■ Dataset excerpts:

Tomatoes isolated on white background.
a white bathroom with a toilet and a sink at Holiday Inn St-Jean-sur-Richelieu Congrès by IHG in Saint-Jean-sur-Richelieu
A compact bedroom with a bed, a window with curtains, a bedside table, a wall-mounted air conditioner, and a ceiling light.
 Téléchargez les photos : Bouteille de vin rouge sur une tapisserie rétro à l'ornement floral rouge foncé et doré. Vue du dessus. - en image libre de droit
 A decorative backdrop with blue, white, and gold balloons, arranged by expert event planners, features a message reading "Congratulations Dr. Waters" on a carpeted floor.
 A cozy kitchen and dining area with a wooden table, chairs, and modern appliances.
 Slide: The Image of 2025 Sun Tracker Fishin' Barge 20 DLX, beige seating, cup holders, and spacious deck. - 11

■ What you should do: Search the entries for the word "table" and copy every line that holds it.

■ Response:
A compact bedroom with a bed, a window with curtains, a bedside table, a wall-mounted air conditioner, and a ceiling light.
 A cozy kitchen and dining area with a wooden table, chairs, and modern appliances.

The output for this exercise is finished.